PETITIONER/PETITIONER:

 SABU VARGHESE GEORGE

RESPONDENTS/RESPONDENTS:

 1 AUTHORIZED OFFICER,

 HOUSING DEVELOPMENT FINANCE CORPORATION LTD. BANK

 2 A.S.GOVIND

In the present case, the petitioner had obtained a house loan of Rs. 37 lakhs on 21.03.2011 from the Housing Development Finance Corporation Ltd. in exchange for the areas of the property comprising the Uloor Village, Trivandrum Taluk as security. Subsequently, on account of default in payment, a notice, dated 18.08.2014, under Section 13(2)of the SARFAESI Act was issued demanding from the petitioner a sum of Rs. 37,44,343 as due on 31.07.2014

The petitioner then approached the court and sought some breathing time and by the judgment dated 28.10.2014, the applicant was afforded the opportunity to pay the overdue amount of Rs.9,61,291 in five monthly instalments on the condition that in case of a default, the bank would have the power to continue with proceedings under the SARFAESI Act. The petitioner failed with the direction of the court and proceedings under Section 14 of the Act were instituted. On 23.02.2015, The Authorised Officer took possession of the property and published the possession notice in the newspaper on 26.02.2015. On 17.08.2015, respondent no. 3 acquired interest in the property by virtue of the sale certificate dated 08.11.2015 and execution of registered sale deed dated 29.01.2016. Respondent no. 3 was already in possession of the said property on 08.11.2015.

Under the aforementioned circumstance, the sale was challenged before the Debts Recovery Appellate Tribunal on various grounds including non-serving of sale notice as the petitioner was in Saudi Arabia. During the pendency of the application, the petitioner on 30.11.2015 made an attempt to recover the property by depositing a sum of Rs. 15 lakhs by 01.10.2015 in a no lien account opened with the same bank and to deposit the remaining sum of the debt within a month in the same account. Although the petitioner deposited Rs. 15 lakhs, he failed to remit the balance secured debt. An application to permit the pay the balance amount in five monthly instalments was also rejected and under the above circumstances, the application was dismissed by an order dated 07.11.2018.

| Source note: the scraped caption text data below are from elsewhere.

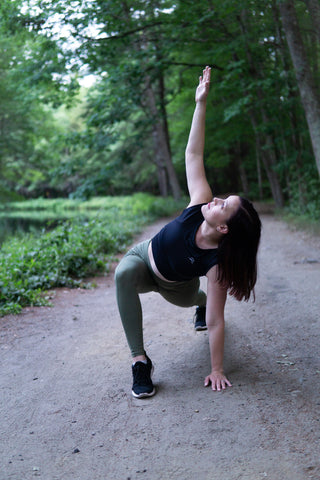 woman wearing sustainable black crop-top and olive leggings doing a yoga pose on a nature park track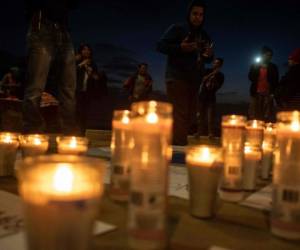 La gente mientras encendía las candelas durante la vigilia en memoria a los inmigrantes fallecidos. Foto: Agencia AFP.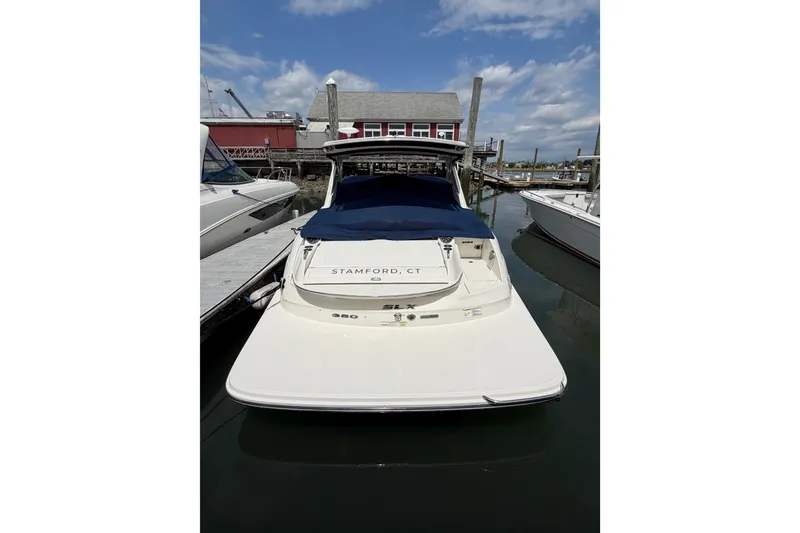 Slide: The Image of 2015 Sea Ray SLX 350 boat docked in Stamford, CT marina under a clear sky. - 2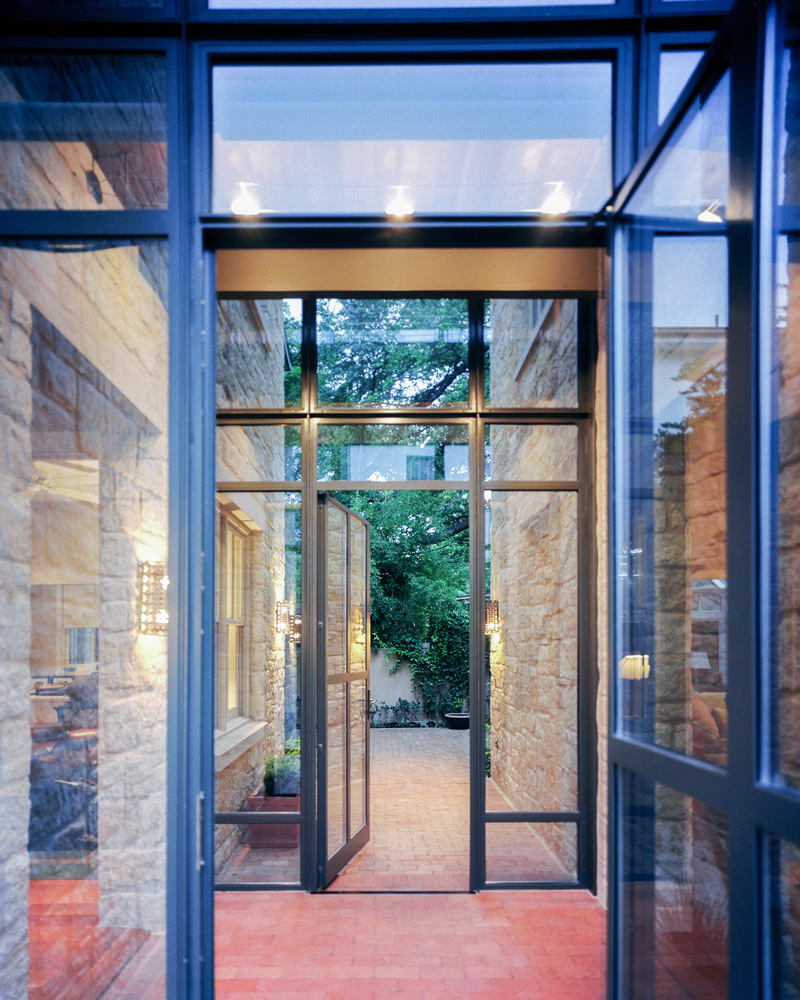 A glass and brick hallway connecting two parts of a house.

ALSO READ- DEMAND NOTICE UNDER SARFAESI ACT

Aggrieved by the order of the DRAT, imposing a condition to deposit Rs. 22 lakhs an appeal was preferred before the Hon’ble Court. The Court by an order dated 14.06.2019 set aside the order of the DRAT and directed it to reconsider the quantum of the pre-deposit and also clarify that the amount deposited under the order of the DRAT earlier is to be treated as owned by the petitioner, which may or may not be adjusted to the pre-deposit. The DRAT by an order dated 15.10.2019 reiterated the previous order by asking the petitioner to deposit 22 lakhs i.e. 50% of the sale amount for the entertainment of the appeal. Against the order of the DRT dated 15.10.2019, the petitioner preferred an appeal before the Hon’ble Kerala High Court.

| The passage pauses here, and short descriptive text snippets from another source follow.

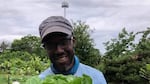 Malcolm Shabazz Hoover, co-founder and co-director of the Black Futures Farm in Southeast Portland, shows off some fresh greens.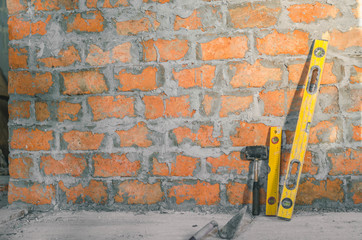 Mason bricklaying background with level, hammer and clay brick blocks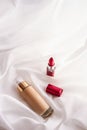 Beige tonal cream bottle make-up fluid foundation base and red lipstick on silk background, cosmetics products as luxury beauty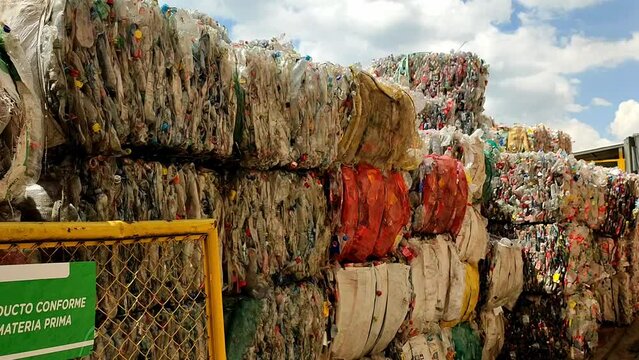 Panning clip showing organised bales of plastic waste at recycling centre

The counsel for the petitioner submitted that during the pendency of the Securitisation Application a fixed deposit had been deposited with the HDFC Bank after the execution of the sale deed and that this amount could be adjusted for the entertainment of the appeal without insistence upon a fresh deposit. In order to fortify his arguments the counsel placed reliance on the judgements of the Hon’ble Delhi High Court in Poonam Manshani v. J.K.Bank Ltd. and another[1] and on the judgements of the Hon’ble Supreme Court in Narayan Chandra Ghosh v. UCO Bank and others[2]  wherein it was held that it is the discretion of the DRT as per the proviso of Section 18(2) to deposit 25% for hearing the appeal instead of 50%.

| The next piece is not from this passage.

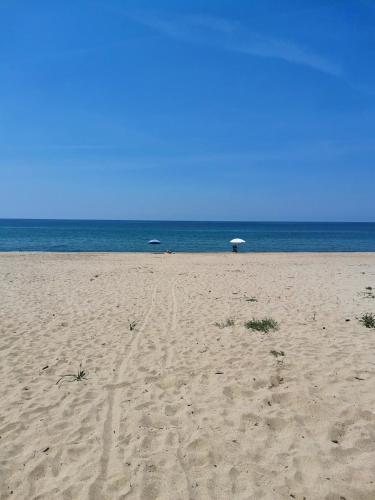 a sandy beach with an umbrella and the ocean at Appartamento Salvia in centro in Ascea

On the contrary, the counsel for the bank submitted that the petition is not maintainable as the order dated 15.10.2019 is based upon the concession and the only remedy was to seek a recall and nothing else. The judgement of the court did not direct the bank to adjust the balance amount in the fixed deposit for the purpose of hearing of the appeal before the DRT. Rather a recourse was awarded to the petitioner to withdraw the fixed deposit and make arrangements of the deposit.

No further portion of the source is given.